The man responded, well…“‘I’m not [the] shepherd…I’m [the] butcher.’”[2]

With that, today we are reminded that Jesus is the Good Shepherd.

Changing gears a bit:

“If they really knew me…they wouldn’t like me. They wouldn’t accept me. If they really knew me, they would judge me. They would ridicule me.”

Do any of you ever think that?

I do. Sometimes I even think about it with all of you “If they REALLY knew me, like really knew my faults, my inner most thoughts, my embarrassing qualities and moments, my deepest regrets…it would all come crumbling down.”

I think each of us harbors parts of us for fear of retaliation or consequence. Why do you think on Facebook we only present our most glamorous sides? We truly let very few, if even anyone, not even our spouses, know us fully and completely.

It is scary, the thought of being fully known.

And sisters and brothers, Jesus in this passage, is saying that he does fully know us. As the Shepherd of his sheep, according to him, he really knows (10:27)—he knows the darkest parts, the regrettable histories, the failures, and brokenness.

And what is his response to knowing us so deeply? Is it ridicule? Is it rejection? Is it condemnation and punishment?

Well, let’s take a look at what he says.

Jesus: “I know them…I give them eternal life” (10:27-28). There you have it.

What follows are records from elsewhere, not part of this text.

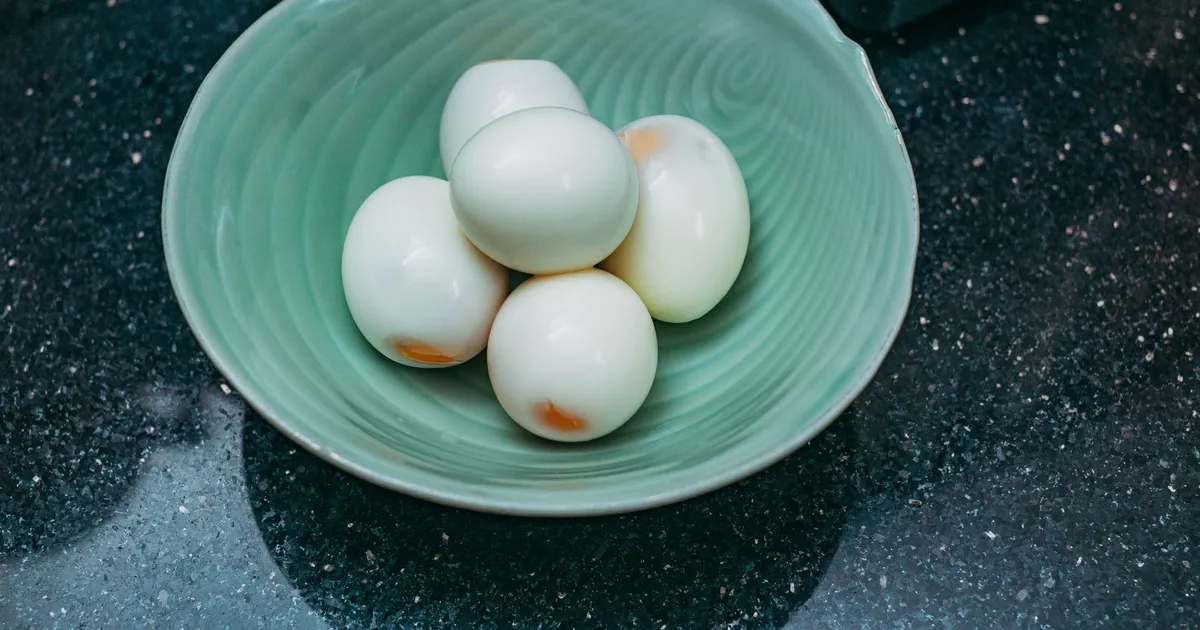 Peeled hard boiled eggs in a green bowl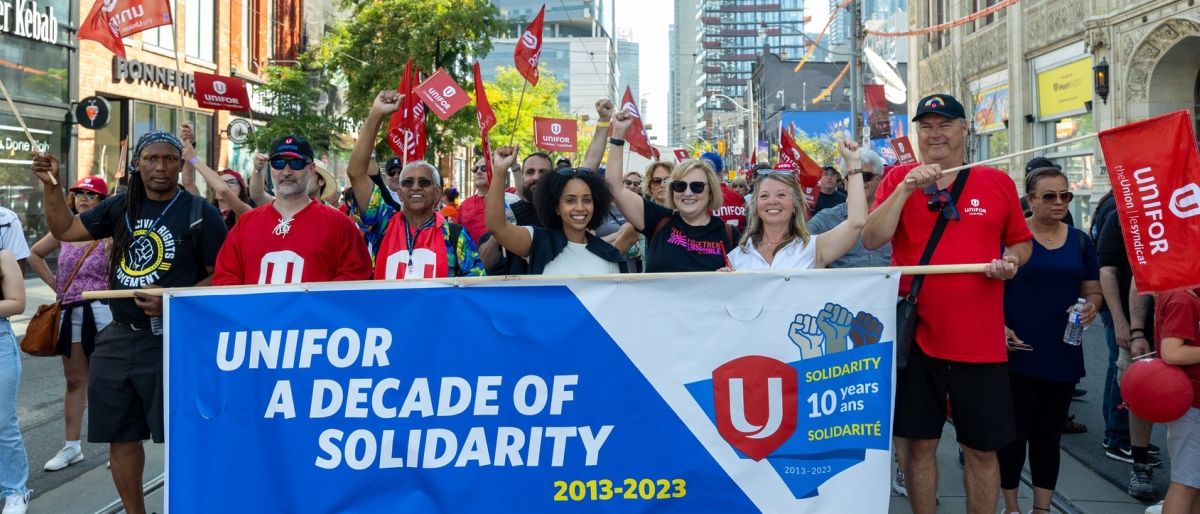 A crowd walking behind a large banner; Unifor a decade of Solidarity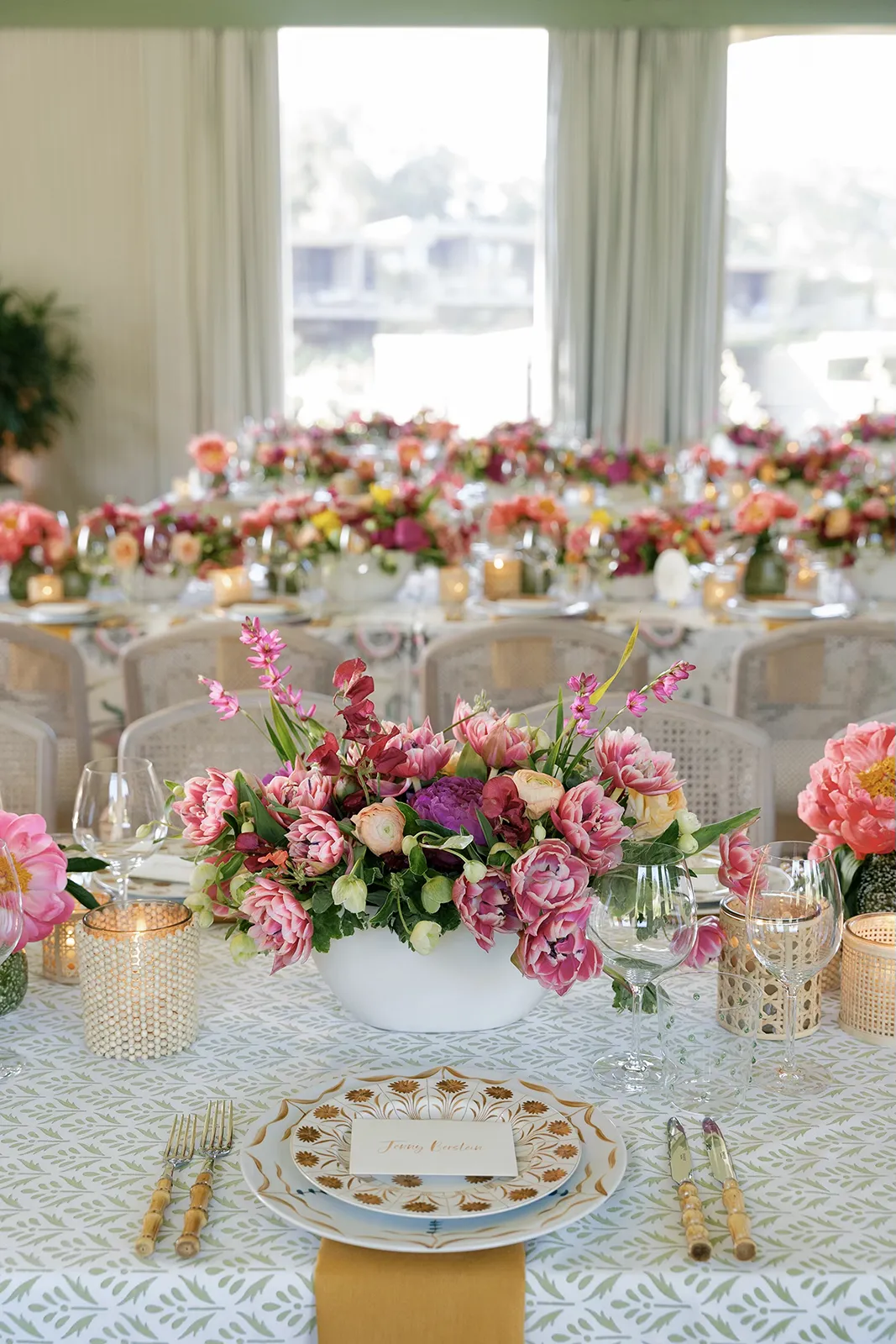 Elegant wedding reception table with pink floral centerpiece, patterned linens, and gold place settings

That is grace. Jesus truly knows who we are, and on that knowledge he announces that he loves us to the greatest degree—to our salvation. The Good Shepherd truly did not come to the world to condemn it, but to save it (3:17).

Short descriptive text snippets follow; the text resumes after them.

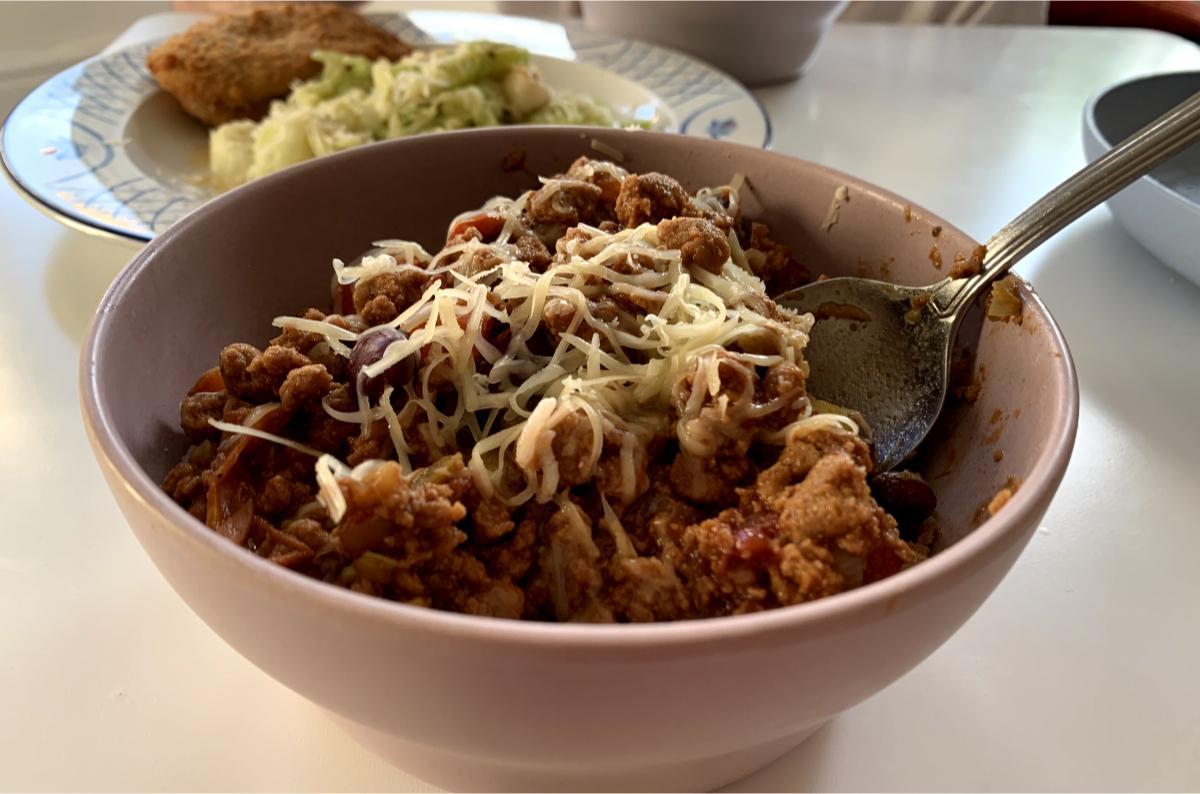 A bowl of Quorn chilli garnished with grated cheese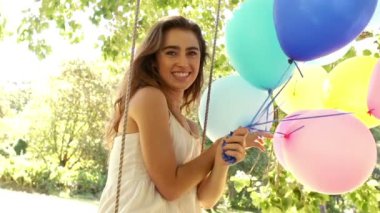 balonları tutarken gülümseyen kadın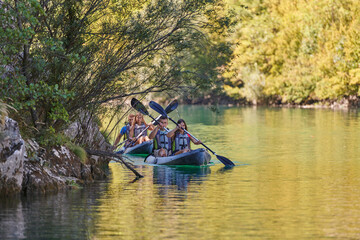 Fototapeta premium A group of friends enjoying having fun and kayaking while exploring the calm river, surrounding forest and large natural river canyons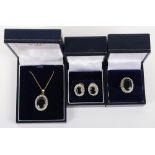 A set of three 9ct diamond and sapphire including ring, pendant necklace and earrings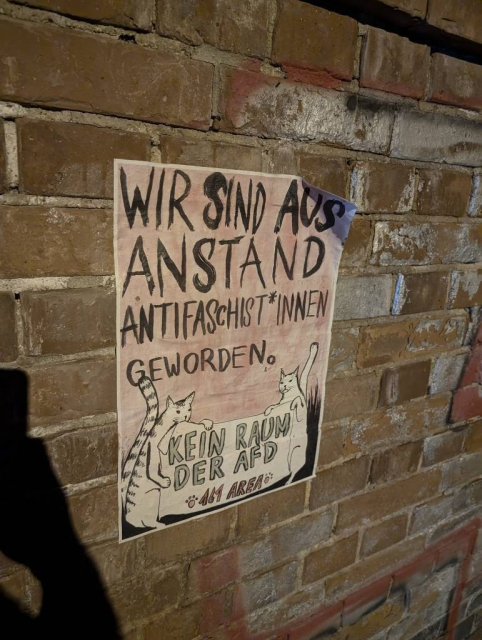 Ein selbstgemachtes bzw. selbstgezeichnetes Plakat, welches an einer Backsteinmauer aufgehängt wurde. Auf einem rötlich verwaschenen Hintergrund steht in schwarzen , großen Buchstaben: "Wir sind aus Anstand Antifaschist*innen geworden."
Darunter sind zwei Katzen zu erkennen, die ein Transparent festhalten. darauf steht: "Kein Raum der AFD. 161 Area." 161 steht für die Buchstaben AFA, was Antifaschistische Aktion bedeutet.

So my dear friends, fear not. The Son of Man knows you fully and completely, and he loves you deeply, even to the point of death. From that love we can resurrect in this life, we can rise up in the face of our insecurities and cast off our fears, shed our darkest regrets, and embrace our quirky or unsure qualities, for we are known and we are still worth everything.

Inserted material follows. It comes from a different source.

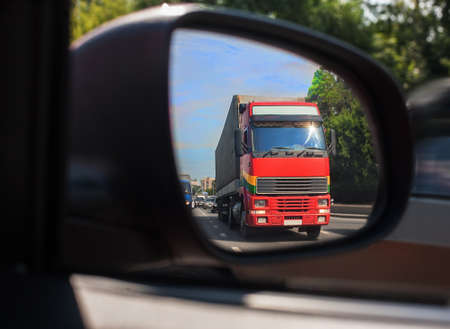 red truck reflection in a car mirrorの写真素材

Not only that, I do wonder if there is also something beautiful and comforting about being fully known in this case. As one biblical scholar puts it: “Jesus says, ‘I know my own and my own know me” (v. 14)—“That means there are no strangers in this flock, none who should feel that he or she is unrecognized.”[3] While there is something frightening about being fully known to others, with the grace of the Good Shepherd, there can also be something profoundly comforting. We are fully known and we are fully embraced.

We can accept that we are accepted (Peter Rollins). We can boldly accept this because Jesus knows our faults, our darkest histories, our most brutal selves. God in Jesus knows those parts of each of us – and with that knowledge, he is not a butcher! His response is not to cut, tear us apart, and serve us up, but to shepherd.

Finally, this is where today’s text ties in with last week. Last week, Jesus told his disciples what it looks like to affirm him and to be people of his resurrection (21:15-19)— he told us that it looks like feeding his sheep, tending to his lambs, and loving one another as he loved us.

Today, and always, it’s the same—what does it mean as his sheep whom are fully known and embraced, to “hear his voice”? It means following him confidently and therefore letting fear and shame depart, and it means following him in feeding the other sheep and tending the other lambs. To hear his voice is to love one another in the way that he shepherds us (cf. 13:35; 15:9-12). To hear his voice is to be shepherds to one another, and not butchers.

At last, sisters and brothers, I encourage you to use the photo of the shepherd on your bulletin as a reminder of who God is for each of us every day[4]—a shepherd …and a good one. Use it as a reminder of how we are called to treat one another, as the Good Shepherd first showed us. Amen.

     [1] https://www.sermoncentral.com/sermons/sheep-or-goats-richard-white-sermon-on-good-shepherd-194991.

     [2] https://www.sermoncentral.com/sermons/sheep-or-goats-richard-white-sermon-on-good-shepherd-194991.

     [3] Walter Brueggemann, Texts for Preaching: A Lectionary Commentary Based on the NRSV—Year B (Louisville: Westminster John Knox Press, 1993), 305.